The task:
Find the word "Gold" in the listing below. Copy every line that has it.

Data supplied:
=====

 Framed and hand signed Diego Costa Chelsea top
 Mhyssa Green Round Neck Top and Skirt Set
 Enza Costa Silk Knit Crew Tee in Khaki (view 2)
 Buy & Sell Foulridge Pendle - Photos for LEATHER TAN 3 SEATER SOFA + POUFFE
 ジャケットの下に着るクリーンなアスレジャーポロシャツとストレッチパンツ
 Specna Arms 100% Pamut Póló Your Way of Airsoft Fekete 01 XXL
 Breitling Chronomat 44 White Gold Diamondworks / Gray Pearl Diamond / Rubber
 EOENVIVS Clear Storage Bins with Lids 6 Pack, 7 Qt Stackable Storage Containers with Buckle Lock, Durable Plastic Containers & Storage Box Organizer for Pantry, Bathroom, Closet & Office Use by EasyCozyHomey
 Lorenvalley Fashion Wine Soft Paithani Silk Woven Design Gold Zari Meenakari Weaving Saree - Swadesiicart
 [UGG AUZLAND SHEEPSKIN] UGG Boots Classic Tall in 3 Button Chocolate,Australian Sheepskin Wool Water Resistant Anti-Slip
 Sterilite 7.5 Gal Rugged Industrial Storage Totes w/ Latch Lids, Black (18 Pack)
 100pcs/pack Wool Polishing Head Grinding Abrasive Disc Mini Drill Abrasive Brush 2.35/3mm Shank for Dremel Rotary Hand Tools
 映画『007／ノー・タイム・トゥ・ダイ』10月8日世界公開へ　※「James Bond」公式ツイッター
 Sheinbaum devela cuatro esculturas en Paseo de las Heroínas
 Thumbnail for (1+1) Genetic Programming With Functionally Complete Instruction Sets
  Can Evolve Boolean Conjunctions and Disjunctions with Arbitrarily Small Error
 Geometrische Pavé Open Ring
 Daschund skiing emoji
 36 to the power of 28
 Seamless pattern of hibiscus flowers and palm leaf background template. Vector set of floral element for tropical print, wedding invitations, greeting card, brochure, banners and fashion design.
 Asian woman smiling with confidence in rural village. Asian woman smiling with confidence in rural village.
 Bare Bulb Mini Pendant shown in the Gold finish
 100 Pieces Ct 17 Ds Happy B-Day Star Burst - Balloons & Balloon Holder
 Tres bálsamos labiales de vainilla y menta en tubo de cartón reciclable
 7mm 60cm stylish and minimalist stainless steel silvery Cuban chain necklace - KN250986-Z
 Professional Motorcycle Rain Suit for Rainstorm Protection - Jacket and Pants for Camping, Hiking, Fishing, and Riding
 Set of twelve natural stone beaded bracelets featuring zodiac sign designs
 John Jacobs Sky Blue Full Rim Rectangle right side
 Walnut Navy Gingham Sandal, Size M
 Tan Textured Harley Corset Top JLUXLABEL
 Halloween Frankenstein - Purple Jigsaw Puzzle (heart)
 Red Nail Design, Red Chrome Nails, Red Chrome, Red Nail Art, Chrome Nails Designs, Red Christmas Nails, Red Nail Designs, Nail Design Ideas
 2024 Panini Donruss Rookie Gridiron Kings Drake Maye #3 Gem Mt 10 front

=====

Solution:
 Breitling Chronomat 44 White Gold Diamondworks / Gray Pearl Diamond / Rubber
 Lorenvalley Fashion Wine Soft Paithani Silk Woven Design Gold Zari Meenakari Weaving Saree - Swadesiicart
 Bare Bulb Mini Pendant shown in the Gold finish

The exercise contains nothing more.